At the time, I merely said, “If you point that thing at me again I’m going to spit into it,” and he laughed and dropped the camera. It bounced on its strap against his chest.

“This is John Howard,” he said, and the black man stepped forward and held out his hand, saying nothing and studying me.

“Smoky O’Donnell,” Luke said.

John Howard shook my hand briefly and nodded, but still did not speak. His hand was hard and dry and warm. I wondered who he was.

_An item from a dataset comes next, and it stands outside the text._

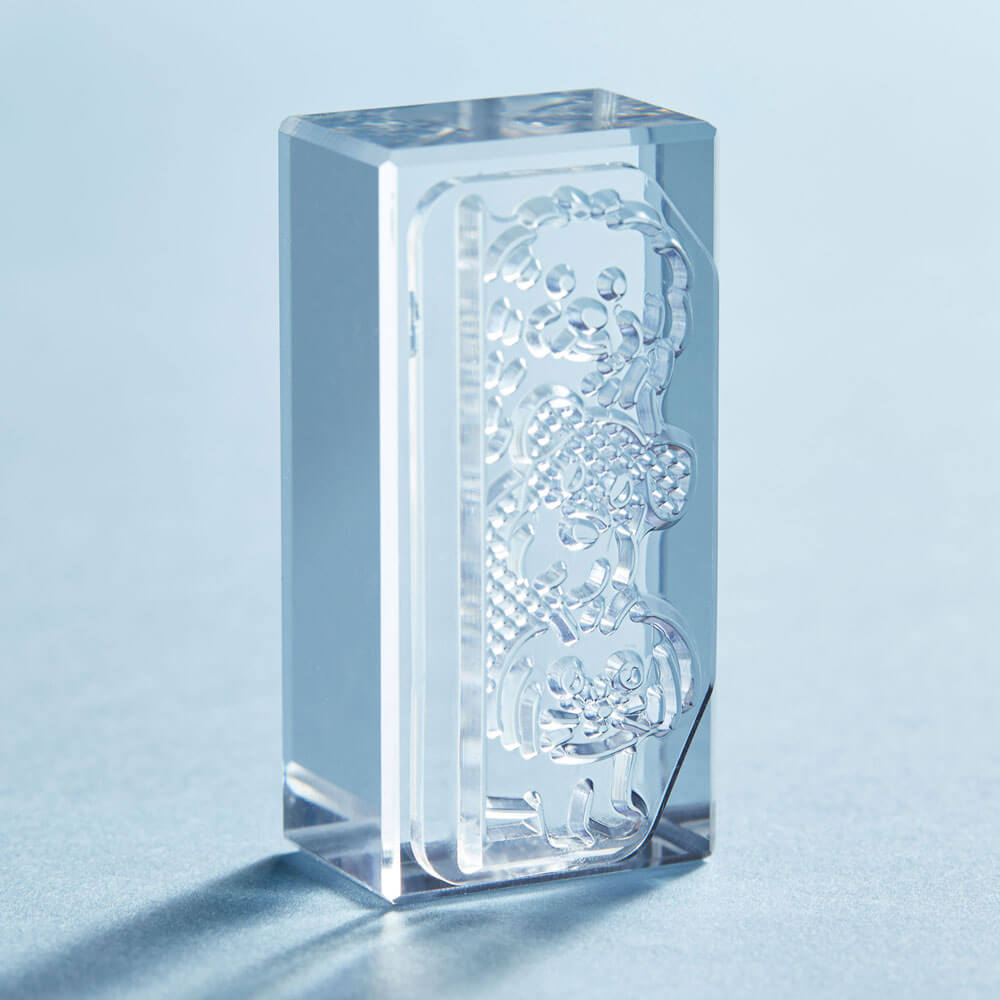 透明スタンプ「氷印」イヌセット｜キングジム公式オンラインストア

“I’m glad to meet you,” I said.

“Thank you,” John Howard said. He had an actor’s voice, deep and musical, with the quality that I have always thought of as projection in it: I thought that he could make himself heard for a long distance without raising his voice. He had a long, narrow head with a close crop of only slightly napped hair, and a remarkable face. It was angular and seemed modeled of rough bronze planes, rather like one of Frederic Remington’s statues, and the only noticeably Negroid trace in it was the slightly flared nostrils. His eyes were, instead of brown, a yellowish hazel that you could see into; a wolf’s eyes. A long grayish scar ran through one eyebrow, bisecting it, and down across his left eye socket, just missing the eye.

The scar raised one-half of his eyebrow so that he had a permanently quizzical look that saved him from mere handsomeness. But he was that, too. John Howard was always a man on whom it was a pleasure to look—up to a point.

Little in his ledged face responded to other people. He was as still, in repose, as a bronze carving, much the color of one, and had the same surface warmth. At first I thought he was a workman of some sort, with whom Luke Geary had struck up a conversation, but when he spoke I knew that he was not.